Exercise material:
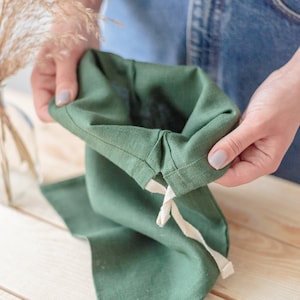 Linen storage Bag with drawstrings. Linen fresh bread keeper. Zero waste food storage. Baker Gift. image 8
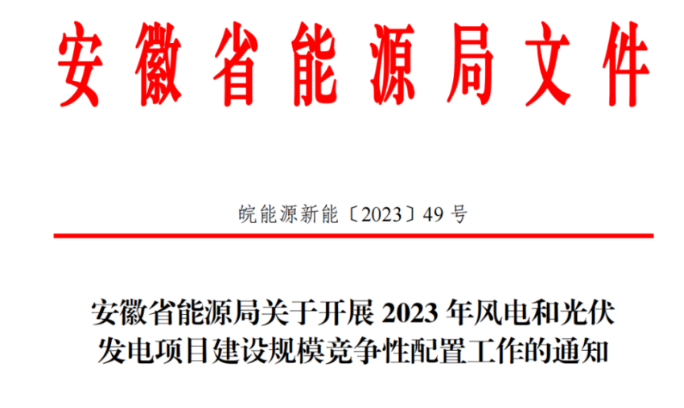 150萬千瓦！安徽省2023年風(fēng)電項目建設(shè)規(guī)模競配方案公布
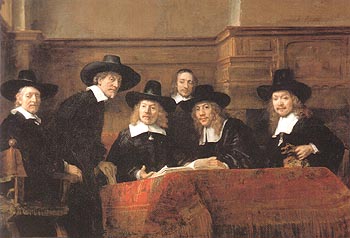 The Syndics The sampling Officials of the Amster dam Drapers Guild 1663 - Rembrandt Van Rijn reproduction oil painting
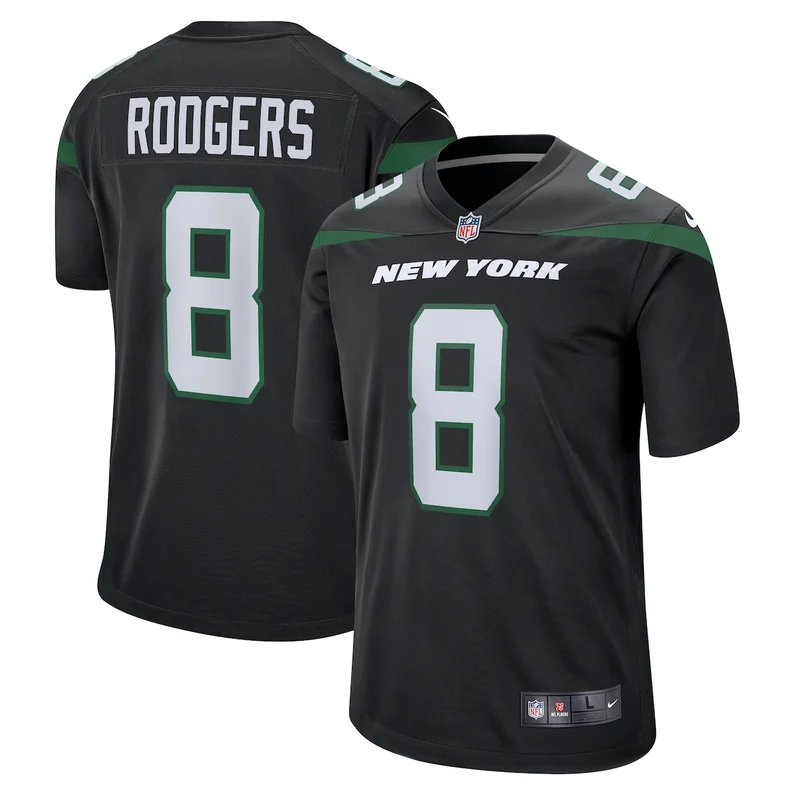 New York Jets Aaron Rodgers Black Fashion Game Jersey - Image 3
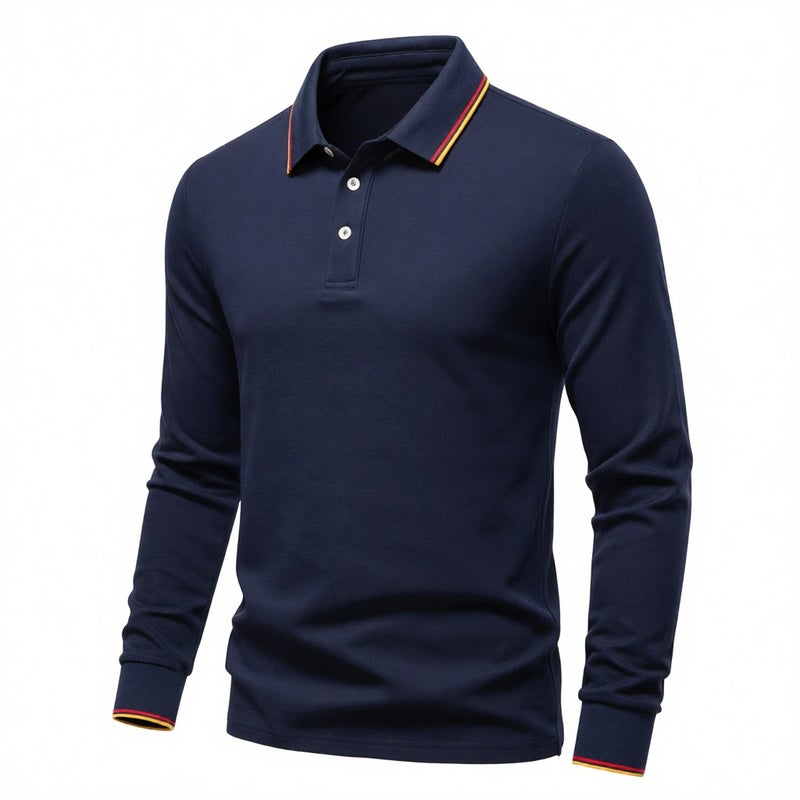 Men's Long Sleeve Polo Shirt Casual Cotton Top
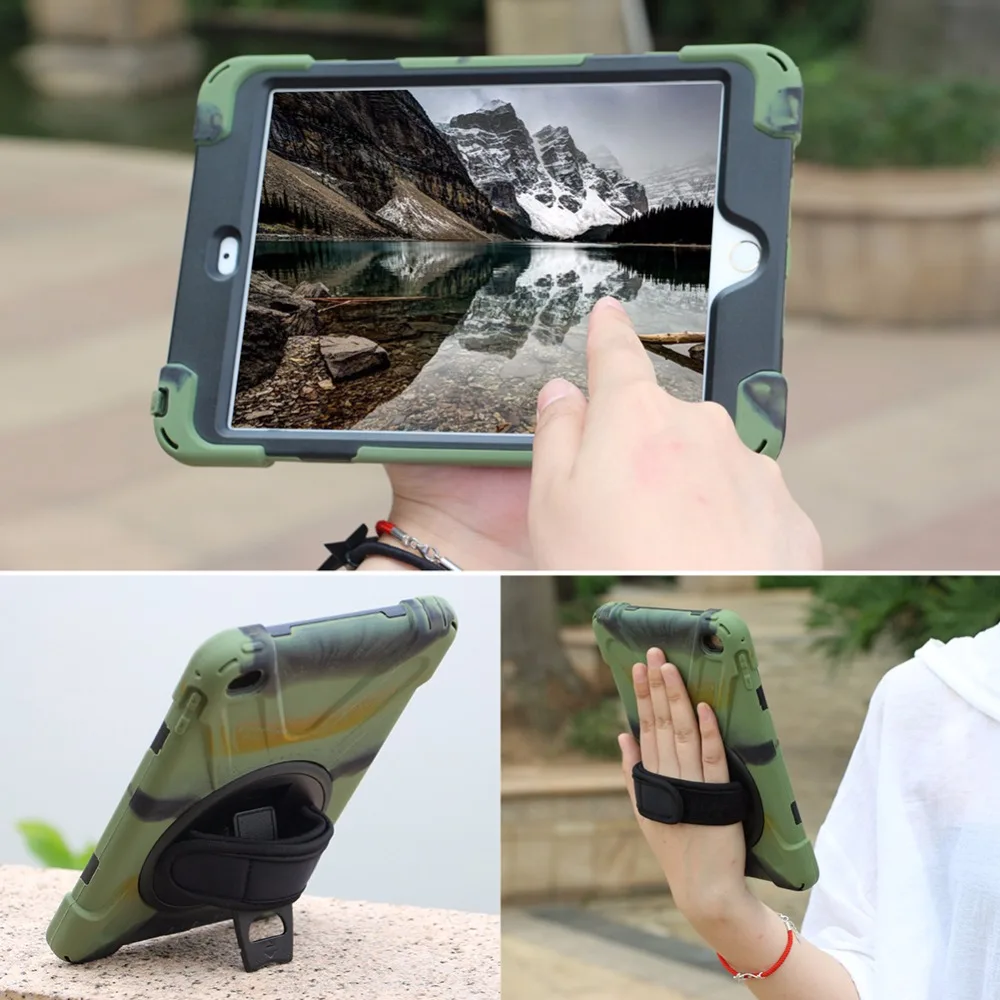 Прочный чехол для iPad mini 4 сверхмощный 3-слойный противоскользящий с 360 поворотной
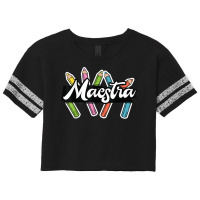 Maestra Spanish Teacher Bilingual Scorecard Crop Tee | Artistshot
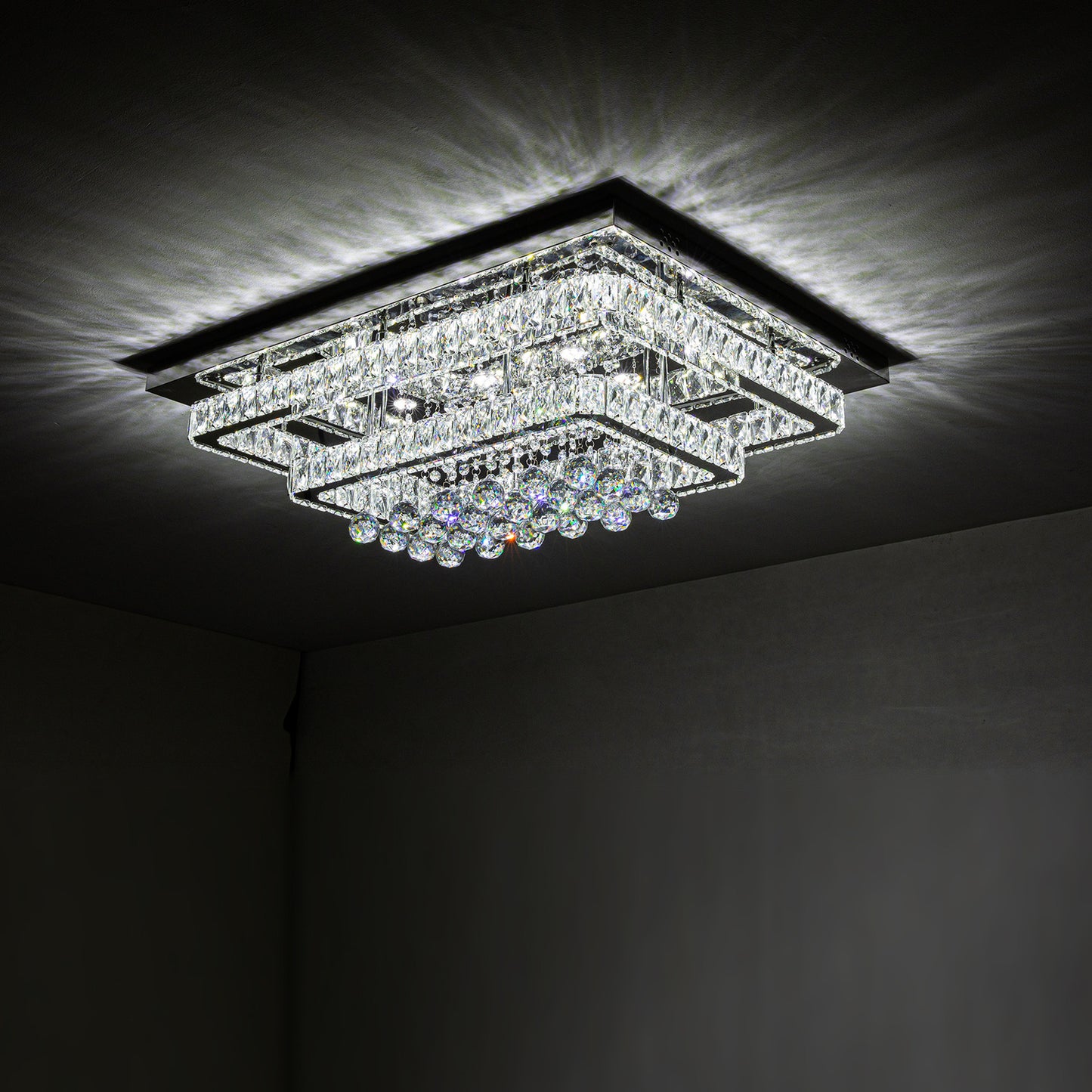 Double Layer Crystal Pendant Light - Silver / 80cm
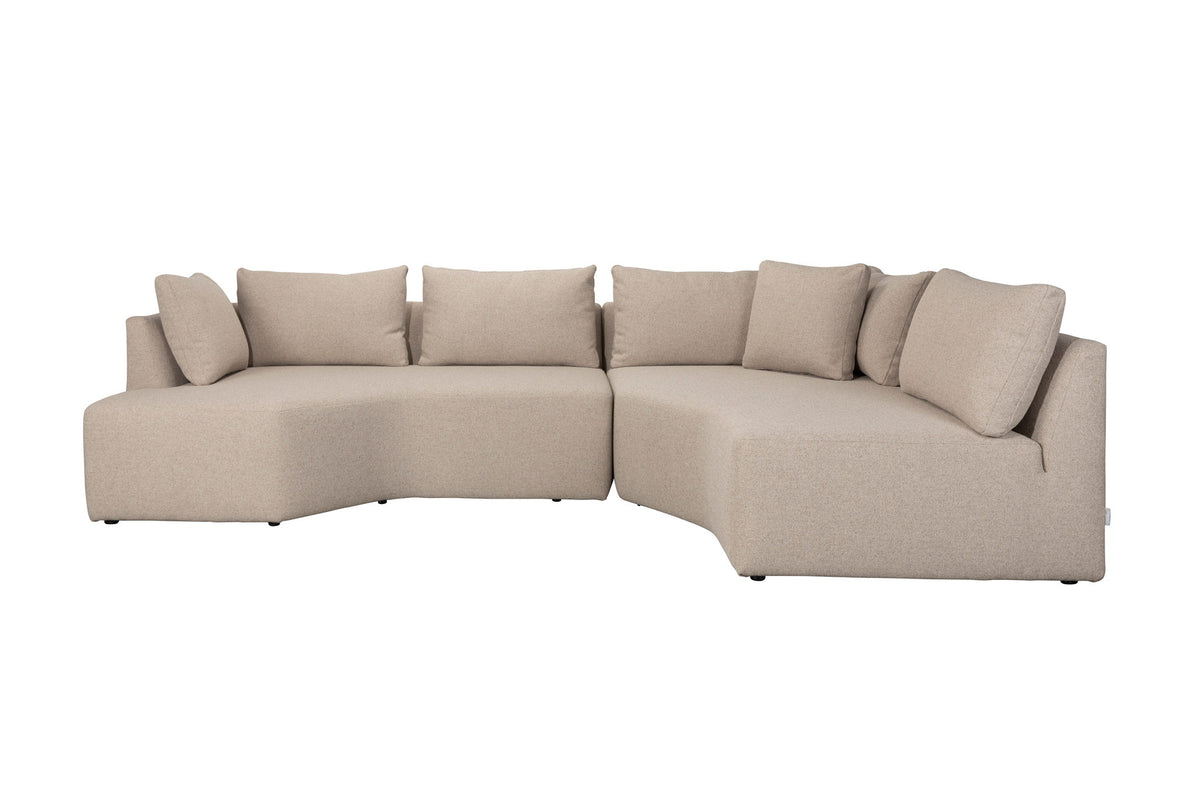 L-Sofa Prosper Sofa Right von Zuiver in Beige mit grob gewebtem Polyesterbezug, niedrige Beine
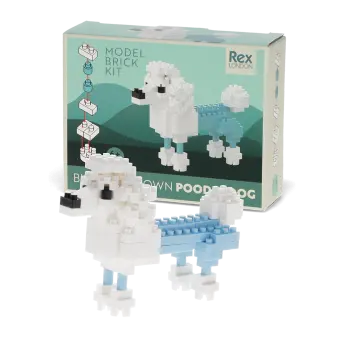 completed white and light blue poodle brick model alongside the packaging
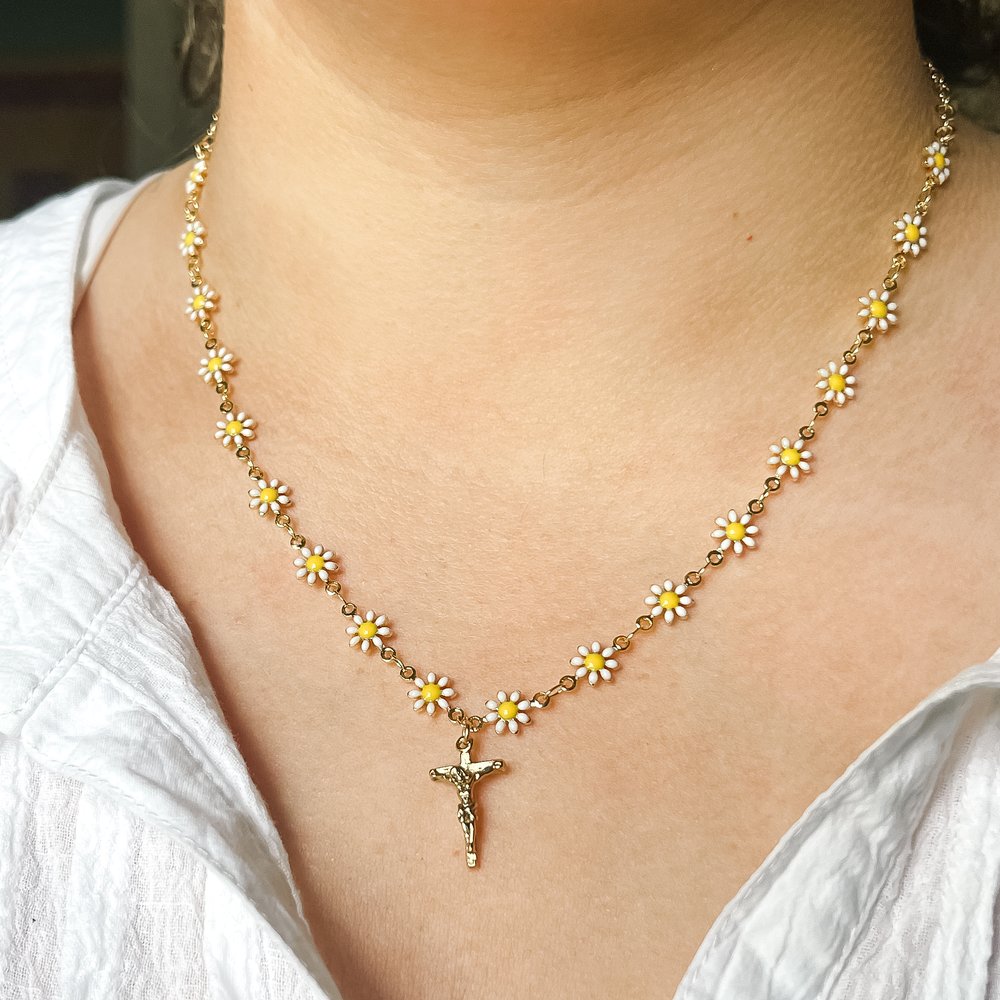 White Daisy Chain Crucifix Necklace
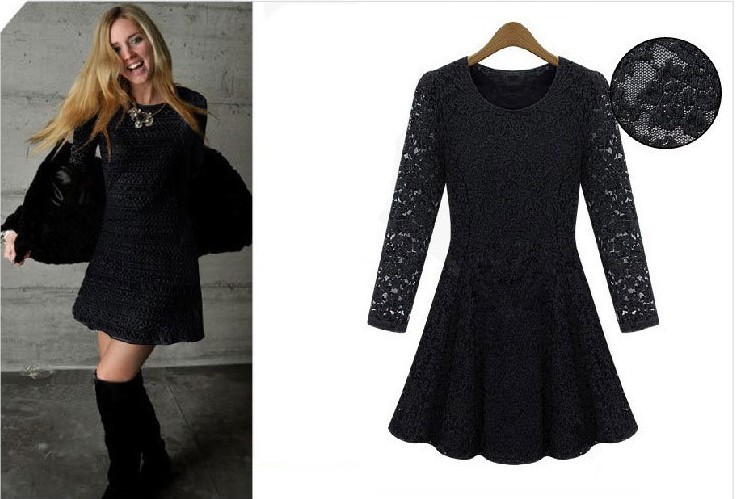 Autumn Preppy style Hot sell Blcak lace Dresses for women  long sleeve one-piece dressZ-005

Problem requirements:
Reproduce all the material exactly, omitting images.

Task solution:
 Linen storage Bag with drawstrings. Linen fresh bread keeper. Zero waste food storage. Baker Gift. image 8
 150萬千瓦！安徽省2023年風(fēng)電項目建設(shè)規(guī)模競配方案公布
 The Syndics The sampling Officials of the Amster dam Drapers Guild 1663 - Rembrandt Van Rijn reproduction oil painting
 New York Jets Aaron Rodgers Black Fashion Game Jersey - Image 3
 Men's Long Sleeve Polo Shirt Casual Cotton Top
 Прочный чехол для iPad mini 4 сверхмощный 3-слойный противоскользящий с 360 поворотной
 Maestra Spanish Teacher Bilingual Scorecard Crop Tee | Artistshot
 Double Layer Crystal Pendant Light - Silver / 80cm
 L-Sofa Prosper Sofa Right von Zuiver in Beige mit grob gewebtem Polyesterbezug, niedrige Beine
 completed white and light blue poodle brick model alongside the packaging
 White Daisy Chain Crucifix Necklace
 Autumn Preppy style Hot sell Blcak lace Dresses for women  long sleeve one-piece dressZ-005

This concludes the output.